Ce soir-là, elle s’apprêtait à quitter son domicile pour rejoindre l’élu de son cœur qui voulait l’emmener danser. Ensemble depuis un mois, Brice et elle comptaient bien révéler leur liaison à Jérôme, mais, faute de courage, en repoussaient chaque jour le moment. Manque de chance, en franchissant le hall, elle était tombée sur lui, passablement alcoolisé. Sans réfléchir, elle lui avait annoncé leur séparation. Si elle avait réfléchi, ça lui aurait au moins évité de recevoir une gifle ! Un peu sonnée, elle s’était enfuie laissant Jérôme sous la pluie, sans penser un instant qu’elle le voyait pour la dernière fois.

Puis, il y avait eu la soirée-hommage deux semaines après ses obsèques ; le départ d’Antonin, en colère, après les avoir surpris enlacés, Brice et elle.
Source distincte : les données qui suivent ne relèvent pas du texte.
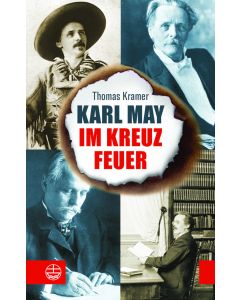 Karl May im Kreuzfeuer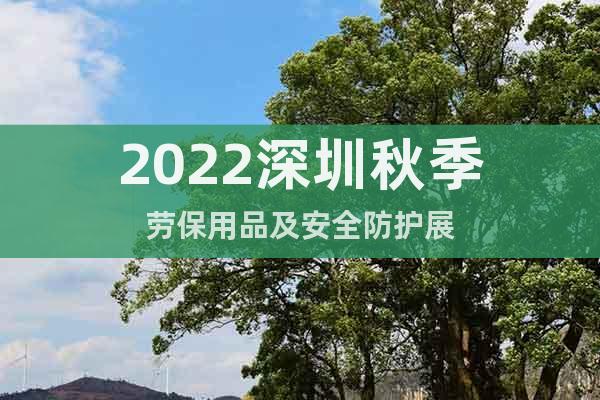 2022深圳秋季劳保用品及安全防护展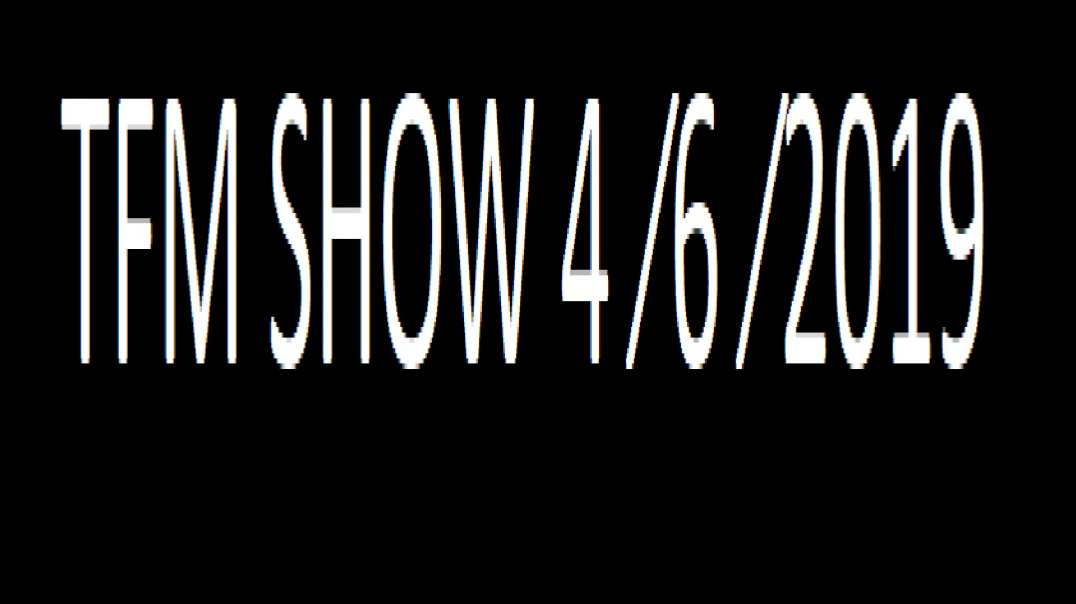 TFM SHOW 4 ⁄6 ⁄2019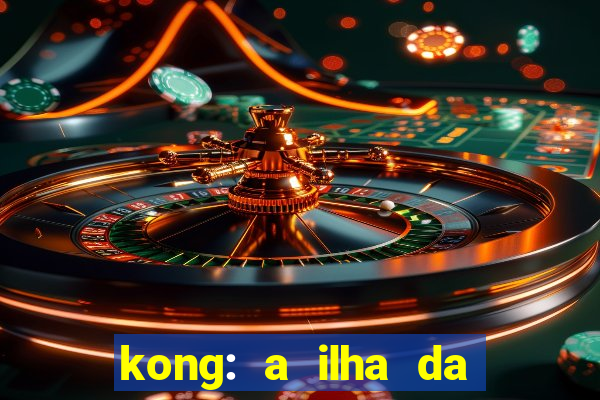 kong: a ilha da caveira filme completo dublado mega filmes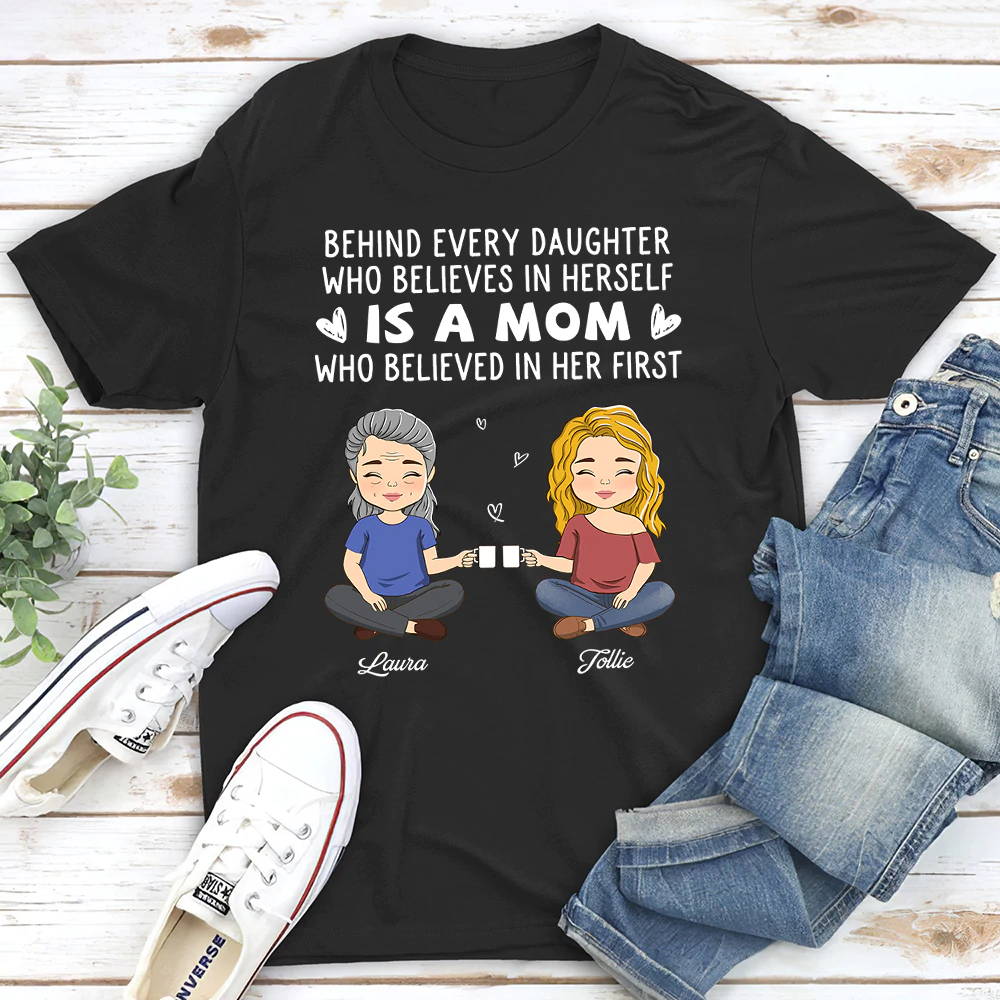 BEHIND EVERY DAUGHTER - PERSONALIZED CUSTOM UNISEX T-SHIRT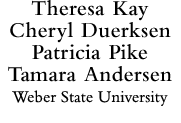 Theresa Kay, Cheryl Duerksen, Patricia Pike & Tamara Andersen of Weber State University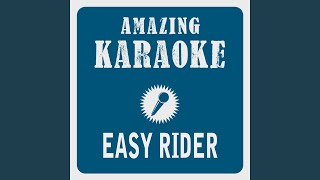 Easy Rider (Karaoke Version) (Originally Performed By Truck Stop)
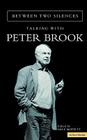 Between Two Silences: Talking with Peter Brook By Peter Etc Brook, Dale Moffitt (Editor) Cover Image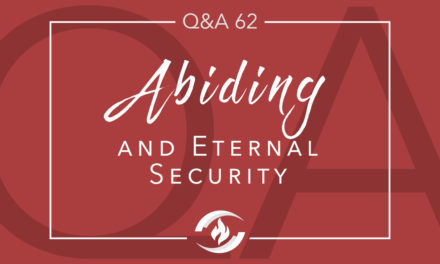 Q#62 Abiding and Eternal Security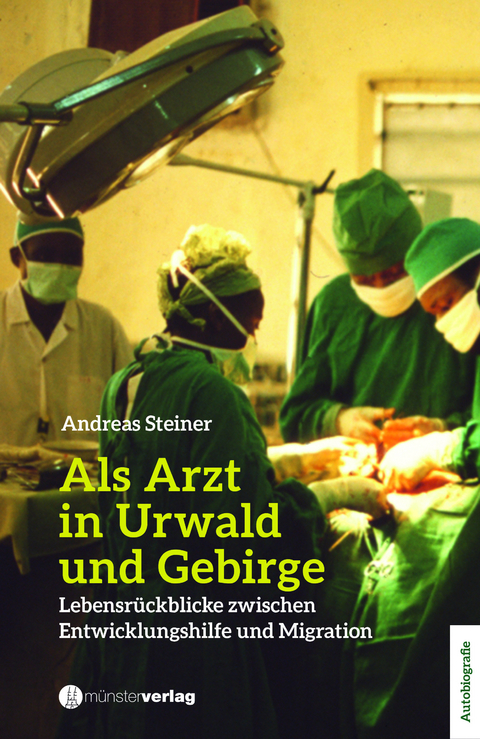 Als Arzt in Urwald und Gebirge - Andreas Steiner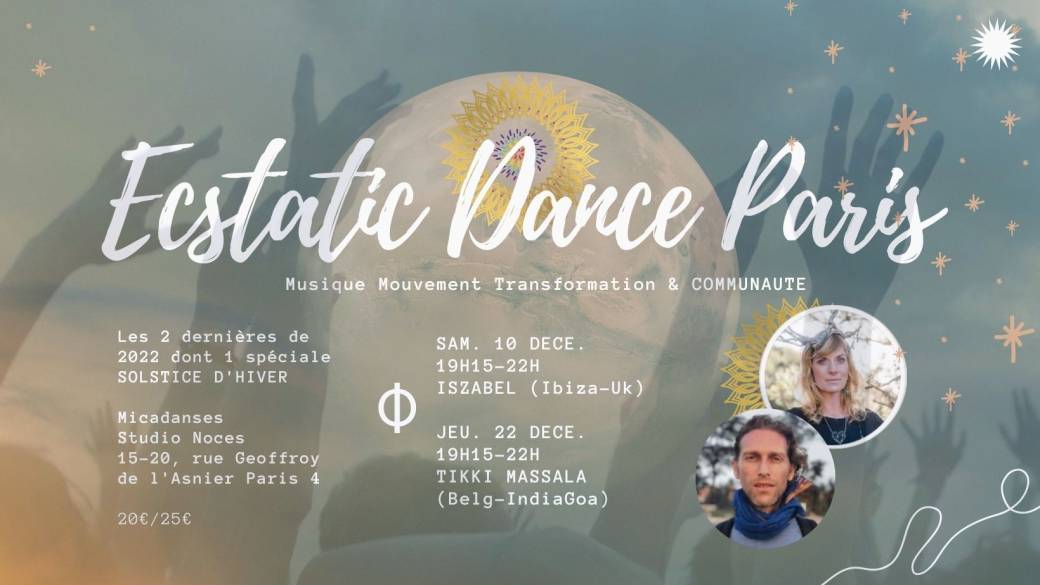 notre Rassemblement Ecstatic Dance Paris*** notre Rassemblement Ecstatic Dance Paris***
Et Cédric l’avait découvert le lendemain. Pendu. Avec une cravate, lui qui n’en portait jamais. Et trois semaines plus tard, son nouvel amour mourait d’une crise cardiaque. À 26 ans, un âge où l’on se sent éternel, où l’on a toute la vie devant soi !

Plus elle y pensait, plus ces disparitions lui semblaient invraisemblables. Le doute s’installait… Est-il normal que trois amis disparaissent à si peu de temps d’intervalle ? Ironie du sort, fatalité, malédiction ? Et si quelque chose se cachait derrière tout ça ?

Elle confia ses doutes à sa mère, venue lui tenir compagnie pour le week-end.

— Ma chérie, les malédictions n’existent que dans les romans. À quoi penses-tu exactement ?

— Je ne sais pas, c’est difficile à expliquer… leur mort me paraît bizarre.

— Tu peux peut-être en parler à la police. Ça ne coûte rien, ajouta-t-elle. Si tu veux, je contacterai le commandant Marnier pour qu’il t’accorde un rendez-vous.

— C’est qui ?

— Un policier que j’ai rencontré il y a quelque temps lors d’une soirée. Nous avons sympathisé et il m’a laissé son numéro de téléphone.

Ce soir-là, en effet, Gabriel Marnier et la mère de Lisa s’étaient découvert une passion commune pour la musique. Lui pour le jazz en général et Ella Fitzgerald en particulier, elle pour le rhythm and blues et la soul et plus particulièrement pour Stevie Wonder qu’elle adorait. Ce fut une belle rencontre et c’est seulement à la fin de la soirée qu’il lui révéla qu’il était policier.

— Il m’avait donné sa carte. Je dois encore l’avoir, ajouta-t-elle. Il travaille à la PJ du 15ème. Je l’appellerai lundi.